In a country of over-incarceration, an opioid epidemic, and a national debt of more than $20 trillion, it only makes sense that some lawmakers need to pick up the slack and go after energy drinks, right?
You’re correct if you said “yes,” because there is a proposed bill in Indiana that wants to restrict access to energy drinks to consumers of eighteen years of age and older.
According to an Indiana news outlet, newsnowwarsaw.com, “Senate Bill 369 aims to make it a class C misdemeanor to sell, give or distribute an energy drink to someone less than 18 years of age.” The bill cites CDC studies that report that energy drinks make children and teens “alert” which is hilarious because that is the point of energy drinks. You know what also makes kids hyper, therefore, should be banned?

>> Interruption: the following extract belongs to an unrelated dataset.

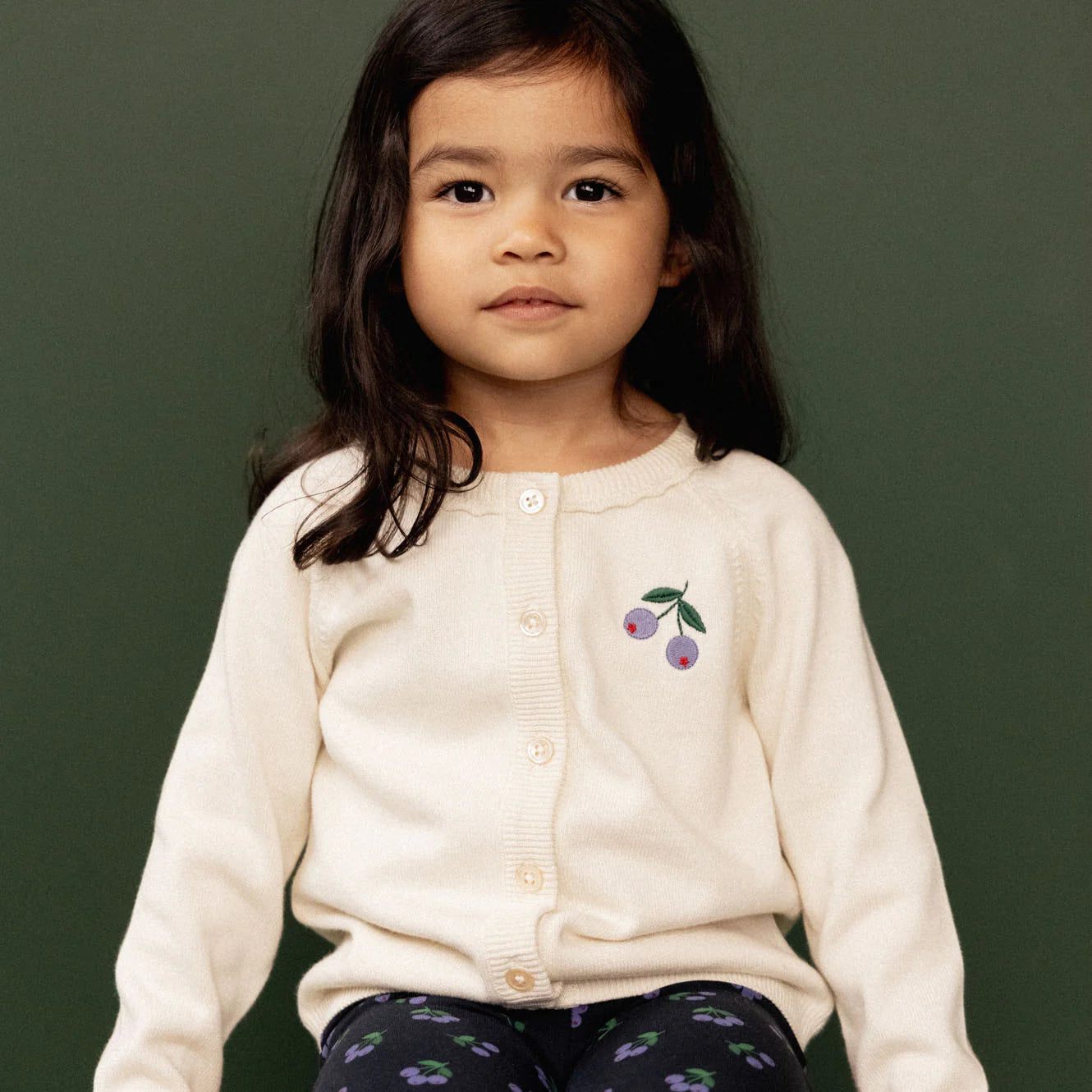 Nature Baby - Piper Cardigan - Winter Berry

Coffee, soda, sugary cereals, artificial food coloring, and essentially everything else that has caffeine or sugar. Yes, energy drinks for kids aren’t great, but it isn’t great for the health of adults either. If we start banning or restricting everything that isn’t good for us, where is the line drawn?
In 2011, the city of San Francisco banned free McDonald’s Happy Meal toy’s because they thought the toys forced kids to have their parents buy them fast food in order to obtain the toy. In 2014, New York City failed yet got very close to banning Big Gulp’s from gas stations in order to fight adult obesity.

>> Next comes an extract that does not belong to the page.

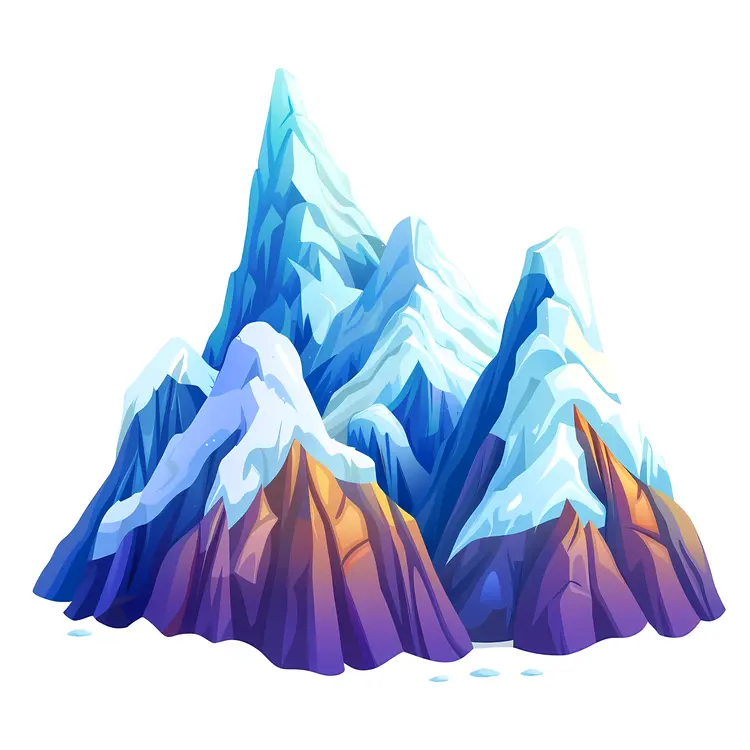 Colorful Snowy Mountains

Philadelphia in 2018 placed a controversial tax on soda to curb consumer habits, but it ended up putting certain stores out of business and the whole tax was exposed to have been a way to attack teamsters unions.
Just because something isn’t explicitly healthy for you doesn’t mean there needs to be a law banning access. By limiting consumer choice with regulation to attack things you don’t like, you are creating unintended consequences which in an essence, end up endorsing things or creating riskier alternatives to the items you tried to prevent consumer access too.
In the San Francisco situation, McDonald’s got around the free toy ban by charging only ten cents per Happy Meal toy, in which the toy proceeds went to the Ronald McDonald House children’s charity. The New York City Big Gulp fight was lost in the courts because it was unconstitutional, but even banning a Big Gulp didn’t mean people couldn’t just buy a large bottle, or even two bottles, of the same soda they wanted. The Philadelphia soda tax, while “well-intentioned” according to some supporters, turned out to be the product of some corrupt officials using the regulatory enforcement arm of the government to attack their opponents.
If the state representatives in Indiana really wanted to stop minors from drinking energy drinks, they could have started a privately funded education campaign or started a non-profit to expose any dangers of energy drinks to minors. Instead, they jumped straight to legislating their opinions onto others because these self-anointed elites decided they knew better than consumers.